▶ _Records from a data collection_:
------

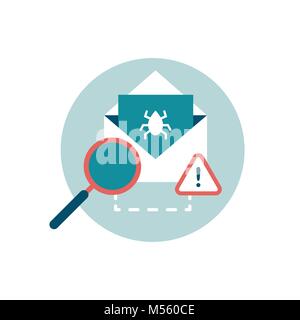 Check e-mail with an antivirus and attachment with virus, cyber security icon Stock Vector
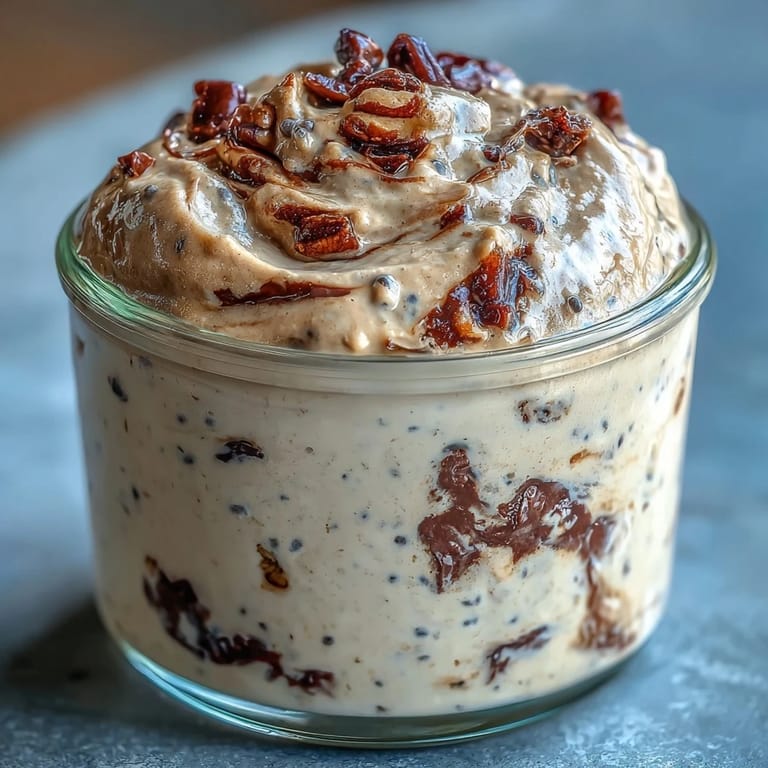 Wholesome overnight oats with Greek yogurt, oats, and chocolate chips, delivering a satisfying cookie dough flavor and high protein content.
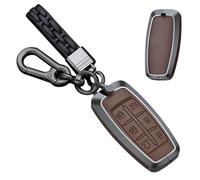 WUZUTU Smart Remote Control Car Key Fob Cover Compatible with Genesis G70 G80 G90 GV70 GV80 GV90 2021 2022 2023 2024 Zine Alloy Frame Durable Leather Car Key Holder Keyring 6 Buttons-Red
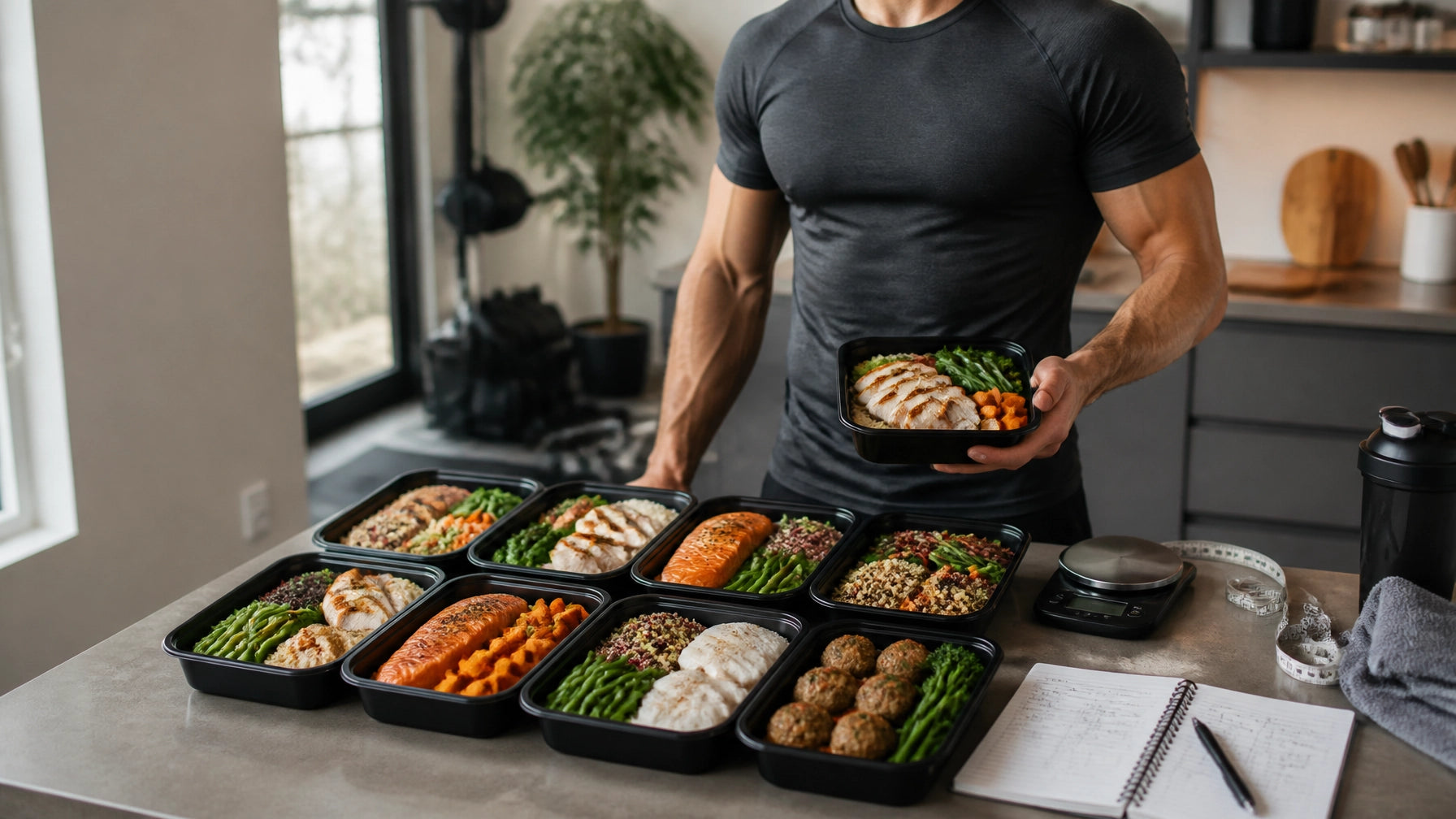 Lean athletic bodybuilder in a cutting phase beside precisely portioned high-protein meal prep containers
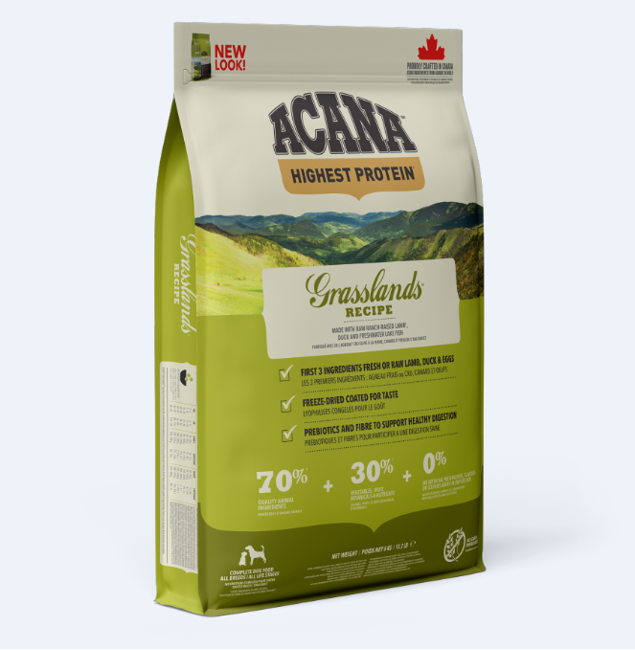 Acana -3 x Hundefoder Grasslands Highest Protein 6kg -total 18kg - Til Alle racer og aldre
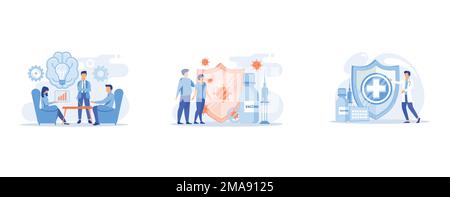 Brainstorming abstract concept , Coronavirus vaccine abstract concept , Vaccination program abstract concept, set flat vector modern illustration Stock Vector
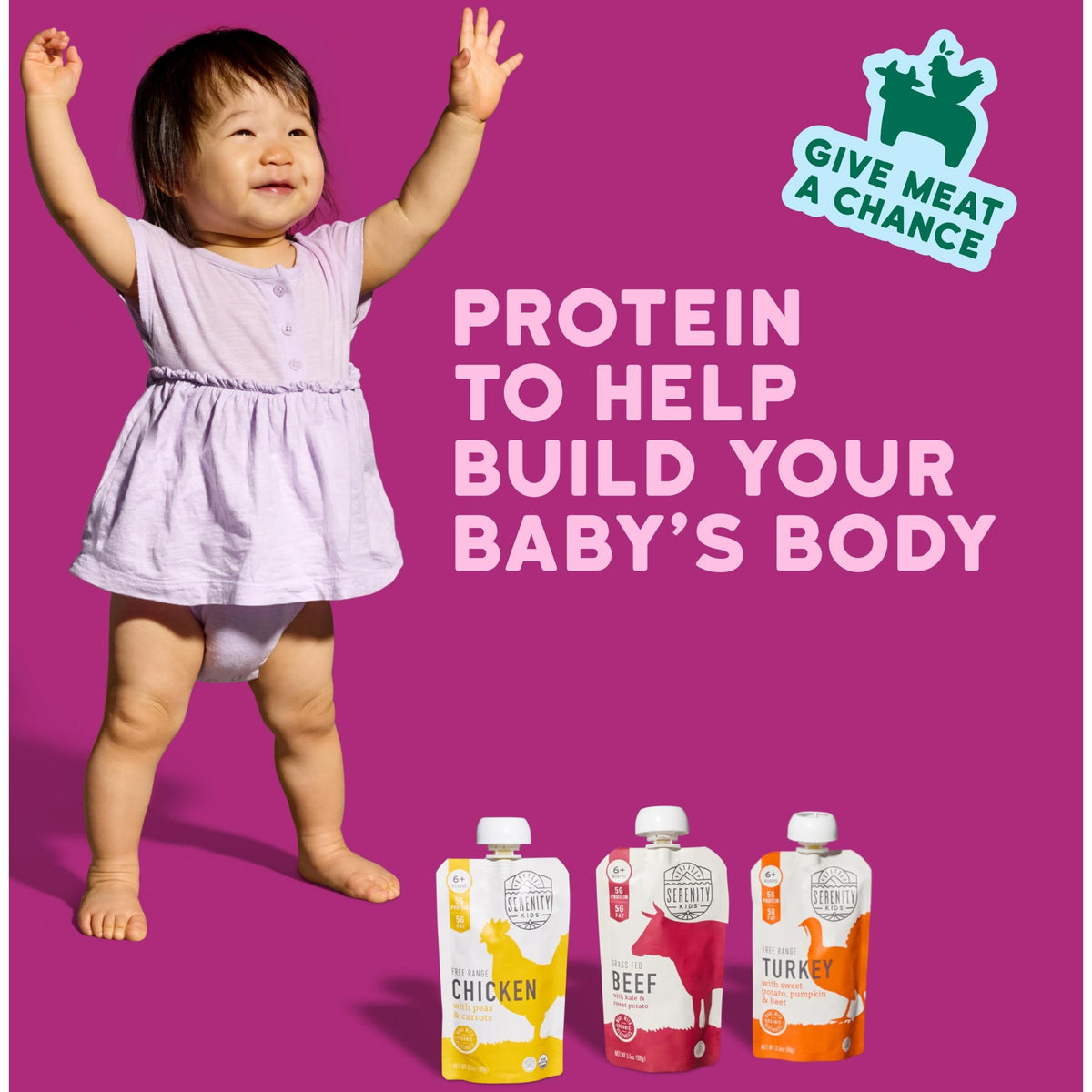 Serenity Kids 6+ Months Baby Food Pouches - Ethically Sourced Meat & Organic Veggies - High Protein Savory Baby Puree Pouches for Baby Snacks - 3.5 Oz, 8 Pack
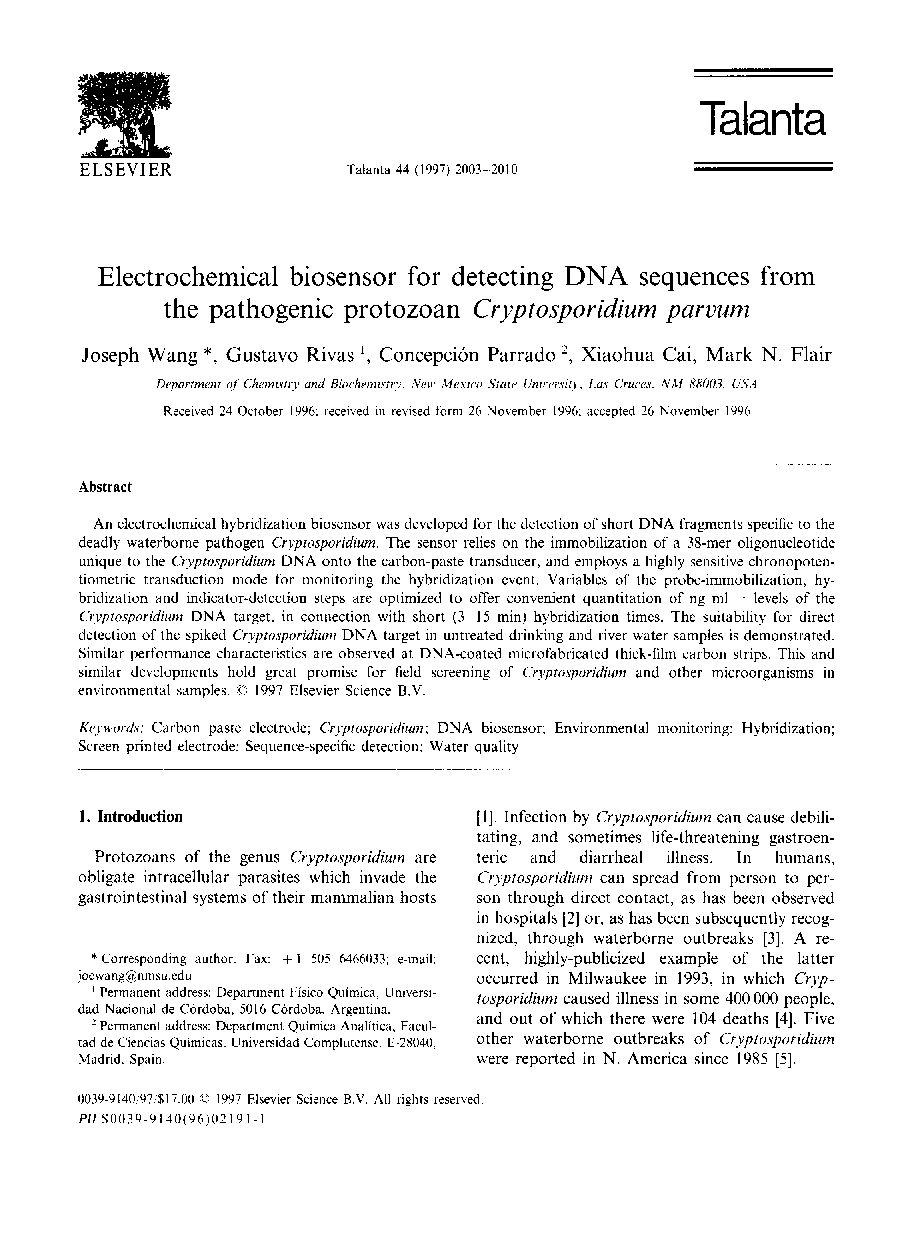 Electrochemical biosensor for detecting DNA sequences from the pathogenic protozoan Cryptosporidium parvum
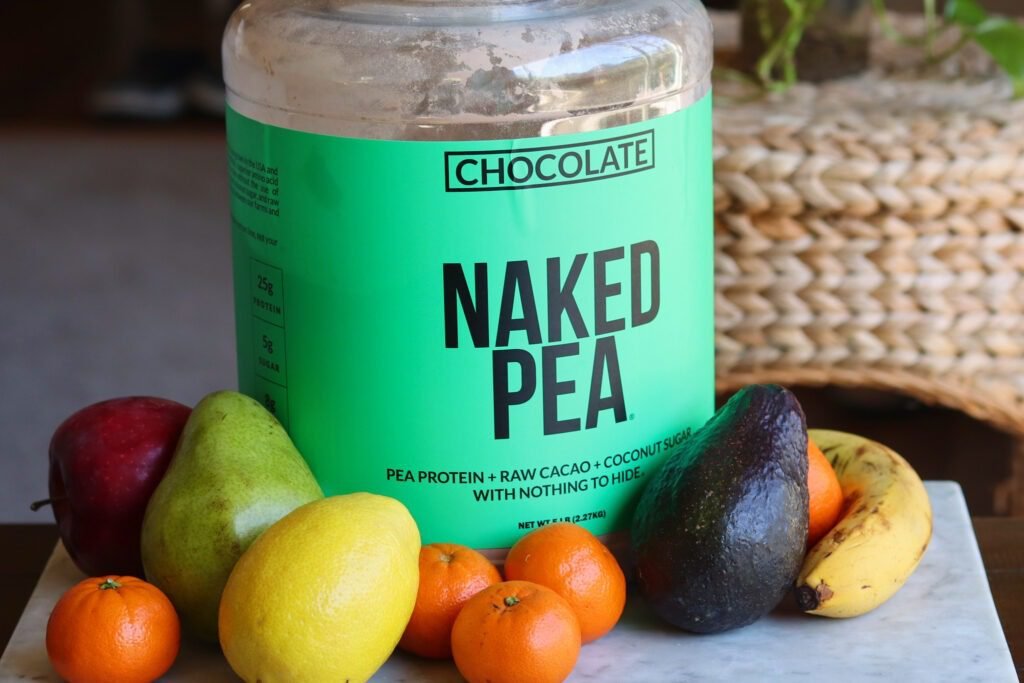 pea protein powder in a jar.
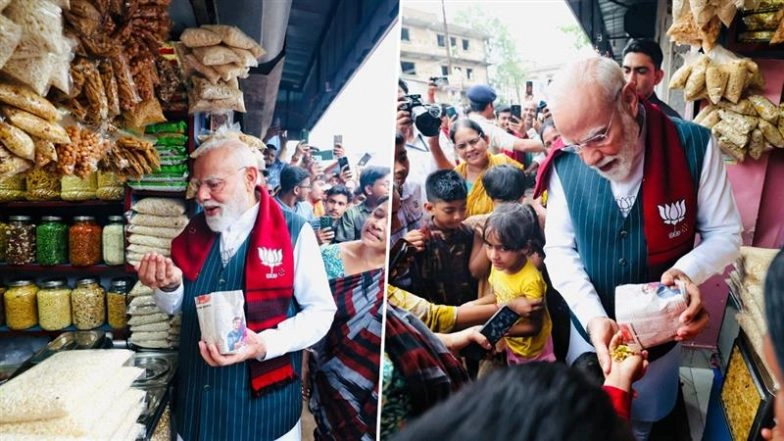 From Rally to Roadside: PM Narendra Modi&rsquo;s Jhalmuri Stop in Jhargram Goes Viral Amid West Bengal Election Frenzy (See Pics)
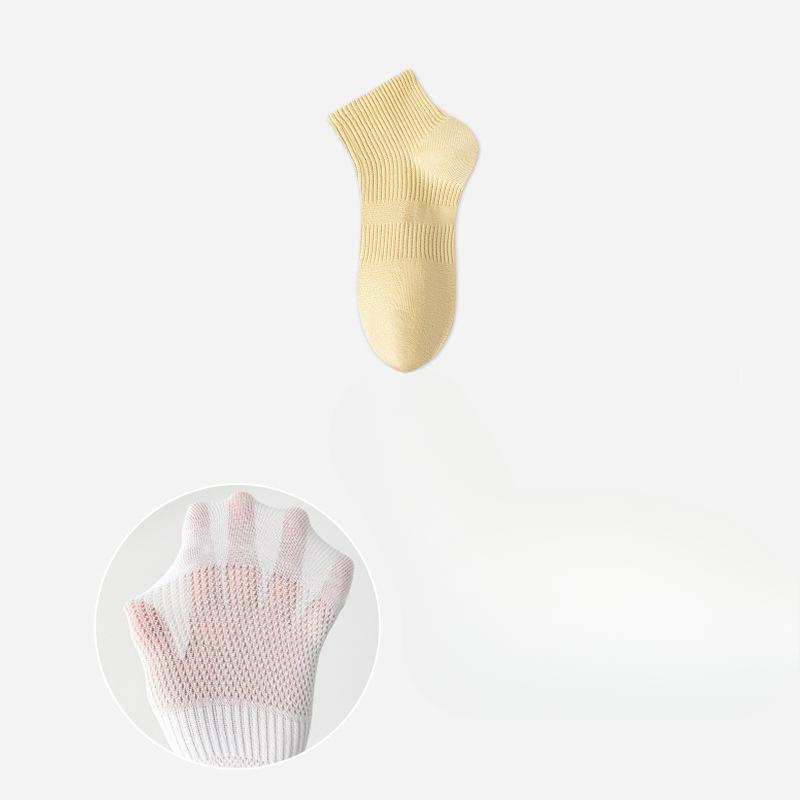 Women's Summer Thin Cotton Mesh Sweat Absorption Antibacterial Breathable Heel Socks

------

▶ _WHAT TO WORK ON_: Print, exactly as written, the lines above from the first one to the one containing "Brainstorming abstract concept". Leave out pictures.

▶ _RESPONSE TO THE EXERCISE_:
 Check e-mail with an antivirus and attachment with virus, cyber security icon Stock Vector
 Wholesome overnight oats with Greek yogurt, oats, and chocolate chips, delivering a satisfying cookie dough flavor and high protein content.
 WUZUTU Smart Remote Control Car Key Fob Cover Compatible with Genesis G70 G80 G90 GV70 GV80 GV90 2021 2022 2023 2024 Zine Alloy Frame Durable Leather Car Key Holder Keyring 6 Buttons-Red
 Lean athletic bodybuilder in a cutting phase beside precisely portioned high-protein meal prep containers
 Acana -3 x Hundefoder Grasslands Highest Protein 6kg -total 18kg - Til Alle racer og aldre
 Brainstorming abstract concept , Coronavirus vaccine abstract concept , Vaccination program abstract concept, set flat vector modern illustration Stock Vector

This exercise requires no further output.